> _Task item_: Every word of the data must be reproduced in your reply exactly.

> _Given data_:
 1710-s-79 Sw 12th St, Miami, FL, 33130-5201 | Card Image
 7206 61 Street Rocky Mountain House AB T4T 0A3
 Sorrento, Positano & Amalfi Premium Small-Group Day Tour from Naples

> _Task answer_:
 1710-s-79 Sw 12th St, Miami, FL, 33130-5201 | Card Image
 7206 61 Street Rocky Mountain House AB T4T 0A3
 Sorrento, Positano & Amalfi Premium Small-Group Day Tour from Naples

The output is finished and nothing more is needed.